Copy nothing but the lines from the opening of the entries through the line that contains "Womens 50MM Square", exactly as written. Drop the pictures.

● RECORDS FOR THE TASK:

*** Block opens ***

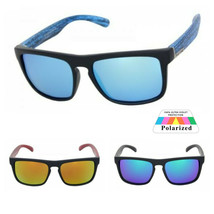 Gafas De Sol Polarizadas Para Hombre Lentes Cuadrado Sport Espejo Sunglasses NEW - £15.14 GBP
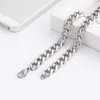 best quality 8mm 24 inch jewelry silver tone stainelss steel high polished NK Chain curb chain link necklace mens boys women gifts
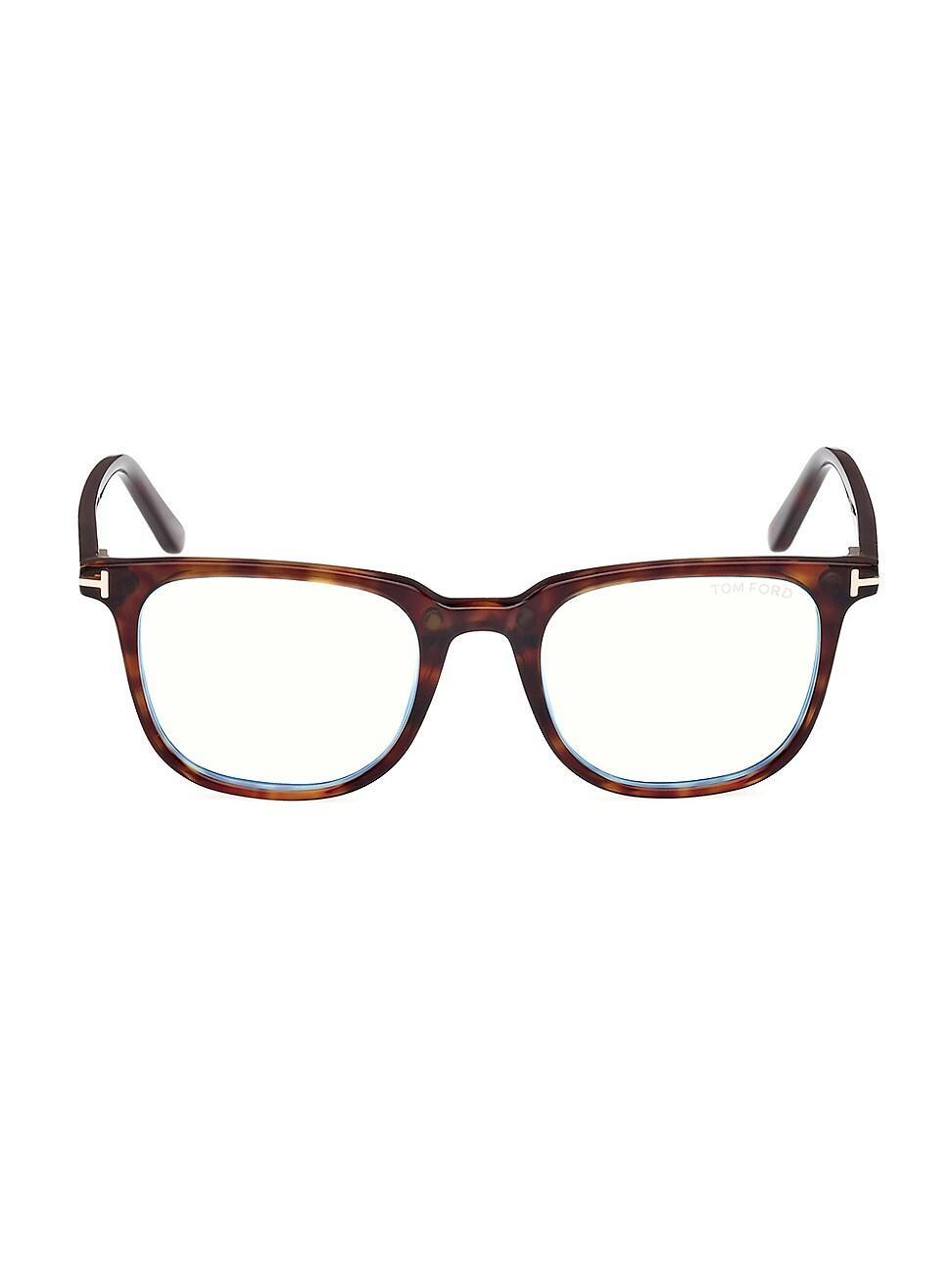 Womens 50MM Square Clip-On Glasses Product Image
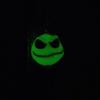 Halloween Scary Skull Luminous Keychain Key Holder Bag Hanging Pendant Gift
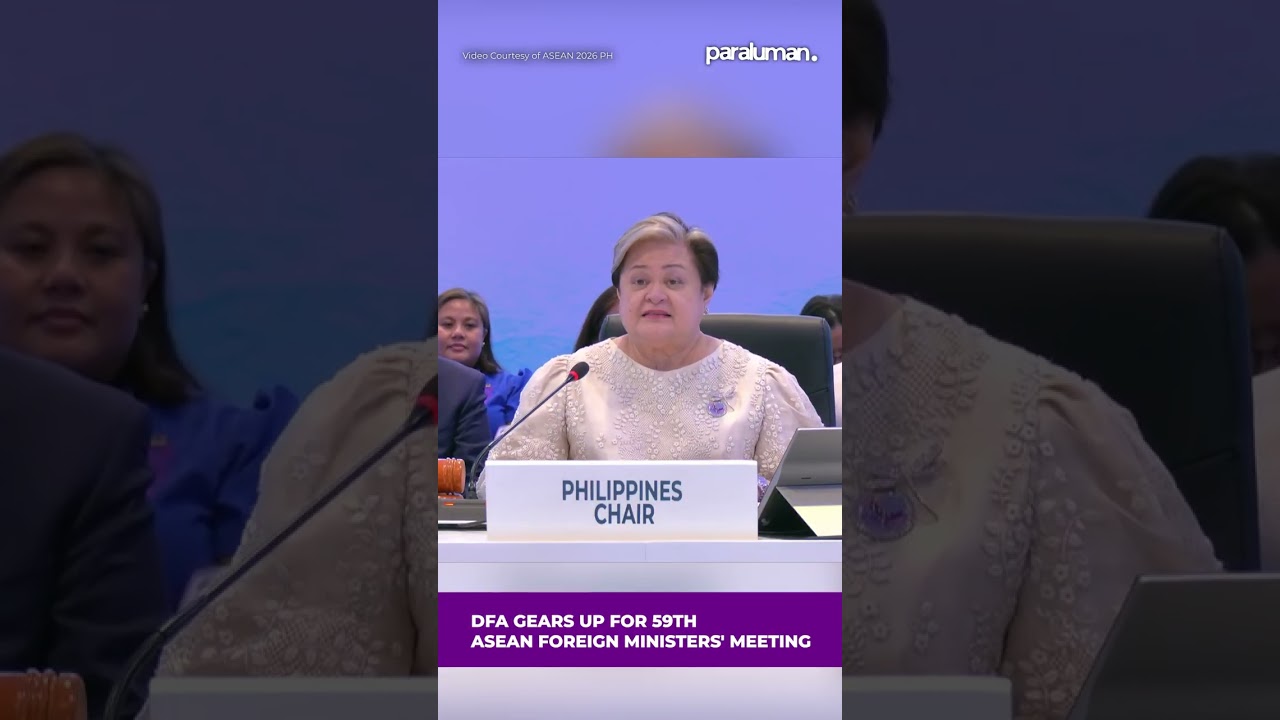 The 59th ASEAN Foreign Ministers' Meeting officially opened in Manila, with Foreign Affairs Secretar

*** Block closes ***

● ANSWER FOR THIS EXERCISE:
 Gafas De Sol Polarizadas Para Hombre Lentes Cuadrado Sport Espejo Sunglasses NEW - £15.14 GBP
 best quality 8mm 24 inch jewelry silver tone stainelss steel high polished NK Chain curb chain link necklace mens boys women gifts
 Womens 50MM Square Clip-On Glasses Product Image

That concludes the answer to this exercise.